Ahh, Monty Python, what would we do without you? Quotables, songs, dirty jokes, ye maketh the day go faster. Tom and I saw Spamalot in Chicago, in it’s pre-Broadway run. In fact, we saw the third show. Ever. Funny show. It’s coming to Denver this year and we already have tickets. But we got to see it with the Original Broadway Cast. Oooohhh….
I realized the other day that I had fallen off the face of the blogging earth. No big reason why, just did. Apologies. But my to-do list is under 10 items every day (though that may be due to me obliterating the memory in my pda and having to start from scratch and not due to something like, say, industriousness) and I’m much less stressed. February being over has nothing to do with it, oh no. {snort} I hate February and I’m glad the shortest, stinkiest month is over for another 11 3/4 months. Daylight savings hits this weekend, it’s nearly 60 degrees outside, and I’m one happy camper.

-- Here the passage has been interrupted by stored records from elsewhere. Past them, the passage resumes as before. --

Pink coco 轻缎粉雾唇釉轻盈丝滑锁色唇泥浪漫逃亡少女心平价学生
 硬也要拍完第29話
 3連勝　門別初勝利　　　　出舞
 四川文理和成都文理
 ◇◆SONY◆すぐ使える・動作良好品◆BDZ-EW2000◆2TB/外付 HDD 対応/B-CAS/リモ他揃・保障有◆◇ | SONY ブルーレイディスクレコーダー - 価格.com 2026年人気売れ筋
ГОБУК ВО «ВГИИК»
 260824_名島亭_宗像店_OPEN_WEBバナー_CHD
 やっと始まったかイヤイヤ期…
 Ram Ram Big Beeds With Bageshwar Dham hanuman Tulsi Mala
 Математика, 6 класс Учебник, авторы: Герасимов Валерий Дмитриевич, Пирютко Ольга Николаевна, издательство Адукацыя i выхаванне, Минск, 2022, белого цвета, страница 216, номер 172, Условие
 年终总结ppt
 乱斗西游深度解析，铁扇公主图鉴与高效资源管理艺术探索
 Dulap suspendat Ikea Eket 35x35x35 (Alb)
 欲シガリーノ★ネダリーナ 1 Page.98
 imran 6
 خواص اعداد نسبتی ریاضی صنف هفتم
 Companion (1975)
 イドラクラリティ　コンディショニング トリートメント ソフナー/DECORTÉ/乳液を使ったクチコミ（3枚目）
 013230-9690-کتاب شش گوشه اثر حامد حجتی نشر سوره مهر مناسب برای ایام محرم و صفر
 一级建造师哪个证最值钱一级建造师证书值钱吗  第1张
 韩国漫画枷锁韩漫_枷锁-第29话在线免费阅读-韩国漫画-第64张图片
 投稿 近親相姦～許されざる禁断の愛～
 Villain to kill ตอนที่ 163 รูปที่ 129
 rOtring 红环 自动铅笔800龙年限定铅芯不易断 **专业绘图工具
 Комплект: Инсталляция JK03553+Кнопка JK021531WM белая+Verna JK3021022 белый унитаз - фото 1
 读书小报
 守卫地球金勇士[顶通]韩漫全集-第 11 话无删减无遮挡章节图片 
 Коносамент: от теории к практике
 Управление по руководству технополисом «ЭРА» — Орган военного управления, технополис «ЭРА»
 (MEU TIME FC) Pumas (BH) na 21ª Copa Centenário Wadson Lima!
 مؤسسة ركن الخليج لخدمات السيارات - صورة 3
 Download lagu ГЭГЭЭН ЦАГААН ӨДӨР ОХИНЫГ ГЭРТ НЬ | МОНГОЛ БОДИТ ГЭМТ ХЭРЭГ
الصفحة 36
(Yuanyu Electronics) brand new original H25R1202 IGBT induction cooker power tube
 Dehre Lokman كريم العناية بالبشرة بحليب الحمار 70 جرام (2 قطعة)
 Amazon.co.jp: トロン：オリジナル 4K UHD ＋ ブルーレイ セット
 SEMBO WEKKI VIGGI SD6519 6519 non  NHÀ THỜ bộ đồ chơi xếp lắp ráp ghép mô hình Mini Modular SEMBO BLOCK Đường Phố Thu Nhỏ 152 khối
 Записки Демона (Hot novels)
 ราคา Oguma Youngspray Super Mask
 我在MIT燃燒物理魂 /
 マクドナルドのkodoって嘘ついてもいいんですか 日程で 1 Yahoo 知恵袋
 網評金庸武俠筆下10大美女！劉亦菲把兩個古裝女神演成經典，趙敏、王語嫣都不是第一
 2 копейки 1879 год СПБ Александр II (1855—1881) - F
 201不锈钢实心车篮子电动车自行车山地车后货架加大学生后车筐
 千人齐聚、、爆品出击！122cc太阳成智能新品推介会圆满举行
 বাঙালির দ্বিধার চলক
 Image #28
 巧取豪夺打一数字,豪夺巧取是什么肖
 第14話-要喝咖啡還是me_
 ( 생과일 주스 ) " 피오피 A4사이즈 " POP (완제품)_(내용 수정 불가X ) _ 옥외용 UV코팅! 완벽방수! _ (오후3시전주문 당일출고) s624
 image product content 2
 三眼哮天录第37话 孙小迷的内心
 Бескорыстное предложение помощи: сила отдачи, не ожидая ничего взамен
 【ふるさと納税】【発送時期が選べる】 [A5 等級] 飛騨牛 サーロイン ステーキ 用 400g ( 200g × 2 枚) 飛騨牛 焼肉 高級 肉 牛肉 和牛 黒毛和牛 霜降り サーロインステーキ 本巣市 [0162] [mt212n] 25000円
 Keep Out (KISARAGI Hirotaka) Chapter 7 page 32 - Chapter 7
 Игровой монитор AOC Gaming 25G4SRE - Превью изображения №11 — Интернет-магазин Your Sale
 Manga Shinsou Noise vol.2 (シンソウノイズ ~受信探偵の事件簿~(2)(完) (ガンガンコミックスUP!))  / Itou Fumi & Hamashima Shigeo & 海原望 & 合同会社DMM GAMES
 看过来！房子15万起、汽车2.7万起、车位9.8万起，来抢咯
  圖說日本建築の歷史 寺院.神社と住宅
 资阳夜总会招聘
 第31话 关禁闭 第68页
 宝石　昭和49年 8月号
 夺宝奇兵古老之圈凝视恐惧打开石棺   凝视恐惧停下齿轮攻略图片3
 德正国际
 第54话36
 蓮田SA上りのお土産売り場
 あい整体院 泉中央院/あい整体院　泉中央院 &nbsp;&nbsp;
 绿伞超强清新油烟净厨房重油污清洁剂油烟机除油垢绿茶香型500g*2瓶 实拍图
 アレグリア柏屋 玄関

I received the news that the Thursday Thirteen is back up and running (calloo, callay, she chortled in her joy). If I get off my tush and get on it, I may actually have one up today. But I have to leave in 13 (ooh, coincidence? I think not!) minutes to run carpool and since I have to get J up from his nap and pee, I’d best not do it now. But allow me to say this one little thing:
Single parents deserve a shitload of credit for not leaving their children out on the doorstep for the wolves.
Tom did a lot of traveling the last couple of weeks (and that is probably the reason why I didn’t write much. I had a lot to gripe about, didn’t feel like griping, and oh, really didn’t care to broadcast to God and the whole internets that my husband was out of town!) and I am ever so glad he is home. He wasn’t even gone that long, or that much. Just enough that I wanted to repeatedly slam the front door on my head until the commotion behind me stopped or I passed out, whichever came first. Thankfully, he returned just in time.
Where am I going with this? If you know of a single parent (notice I didn’t say “mom”, dads get it hard too), offer to help. No, wait. I know I’d rather chew my liver out than ask for help, or accept an offer of help. Tell the parent how you’re going to help and then follow through. Take the kids for a few hours for a playdate so the ibuprofin kicks in. Something, anything. If the aforementioned single parent has a spouse in a war zone, you must help him/her. It’s only right.
And now I really have to pee (yes, TMI, too bad), J is still sleeping, the wind is suddenly hitting hurricane force (where’d that come from?) and I have to get three wild and crazy kindergarteners. TA!
I appreciate the nod to single parents!! It ain’t easy, that’s for damn sure!!